● **Data records**:
┌──
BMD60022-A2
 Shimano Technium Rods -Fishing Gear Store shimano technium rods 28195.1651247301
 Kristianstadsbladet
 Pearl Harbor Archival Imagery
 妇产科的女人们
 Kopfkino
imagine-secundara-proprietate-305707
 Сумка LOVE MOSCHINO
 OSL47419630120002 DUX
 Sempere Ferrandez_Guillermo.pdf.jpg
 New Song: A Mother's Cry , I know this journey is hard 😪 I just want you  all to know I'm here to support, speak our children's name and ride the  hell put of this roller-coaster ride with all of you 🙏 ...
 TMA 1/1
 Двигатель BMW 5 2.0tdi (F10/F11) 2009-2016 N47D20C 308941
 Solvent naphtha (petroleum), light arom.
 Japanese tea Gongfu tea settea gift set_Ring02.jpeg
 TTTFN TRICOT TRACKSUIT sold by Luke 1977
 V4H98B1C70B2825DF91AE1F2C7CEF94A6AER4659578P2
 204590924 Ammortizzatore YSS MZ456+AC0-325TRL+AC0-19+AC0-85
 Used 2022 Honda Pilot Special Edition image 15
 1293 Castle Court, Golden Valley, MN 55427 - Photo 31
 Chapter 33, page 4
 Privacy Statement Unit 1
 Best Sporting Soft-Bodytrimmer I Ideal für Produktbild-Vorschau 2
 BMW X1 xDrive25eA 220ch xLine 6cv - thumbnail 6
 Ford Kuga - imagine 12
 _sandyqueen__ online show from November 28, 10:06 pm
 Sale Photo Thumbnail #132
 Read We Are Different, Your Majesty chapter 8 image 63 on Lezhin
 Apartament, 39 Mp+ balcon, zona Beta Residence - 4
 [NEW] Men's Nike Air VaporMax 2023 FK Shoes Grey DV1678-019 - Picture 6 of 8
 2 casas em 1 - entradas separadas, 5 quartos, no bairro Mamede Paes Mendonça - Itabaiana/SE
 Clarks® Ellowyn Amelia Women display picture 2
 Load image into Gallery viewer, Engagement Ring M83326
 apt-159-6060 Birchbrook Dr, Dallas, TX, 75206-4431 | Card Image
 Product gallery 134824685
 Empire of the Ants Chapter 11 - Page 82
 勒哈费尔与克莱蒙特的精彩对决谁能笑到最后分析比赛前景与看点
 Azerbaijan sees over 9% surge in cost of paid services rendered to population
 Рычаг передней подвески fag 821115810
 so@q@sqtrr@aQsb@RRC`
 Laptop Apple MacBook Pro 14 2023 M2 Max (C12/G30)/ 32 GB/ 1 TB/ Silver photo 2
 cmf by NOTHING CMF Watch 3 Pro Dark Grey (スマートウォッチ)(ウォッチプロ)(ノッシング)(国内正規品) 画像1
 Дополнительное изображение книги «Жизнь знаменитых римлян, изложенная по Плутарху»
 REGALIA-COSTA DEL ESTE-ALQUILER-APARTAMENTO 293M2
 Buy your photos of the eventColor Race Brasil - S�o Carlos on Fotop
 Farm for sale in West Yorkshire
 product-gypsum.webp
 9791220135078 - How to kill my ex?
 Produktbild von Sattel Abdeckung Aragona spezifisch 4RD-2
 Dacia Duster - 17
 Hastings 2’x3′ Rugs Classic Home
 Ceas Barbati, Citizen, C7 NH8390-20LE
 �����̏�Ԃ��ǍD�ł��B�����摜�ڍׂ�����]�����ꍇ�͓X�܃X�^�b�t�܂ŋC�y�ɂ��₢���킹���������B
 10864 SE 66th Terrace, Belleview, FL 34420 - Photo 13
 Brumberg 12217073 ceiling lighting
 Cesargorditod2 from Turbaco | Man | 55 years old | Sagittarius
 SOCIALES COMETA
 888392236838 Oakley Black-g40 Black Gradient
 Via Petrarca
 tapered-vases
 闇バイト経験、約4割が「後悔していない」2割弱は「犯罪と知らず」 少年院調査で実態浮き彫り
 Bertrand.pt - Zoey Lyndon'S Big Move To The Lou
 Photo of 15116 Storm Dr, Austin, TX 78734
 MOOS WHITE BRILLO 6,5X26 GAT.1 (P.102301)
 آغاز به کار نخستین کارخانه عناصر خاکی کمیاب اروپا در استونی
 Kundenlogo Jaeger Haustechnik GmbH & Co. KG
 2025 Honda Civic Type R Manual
└──
● **Required action**: Each line containing "imagine" belongs in the answer; pick these out of the material and copy them.

● **Problem solution**:
imagine-secundara-proprietate-305707
 Ford Kuga - imagine 12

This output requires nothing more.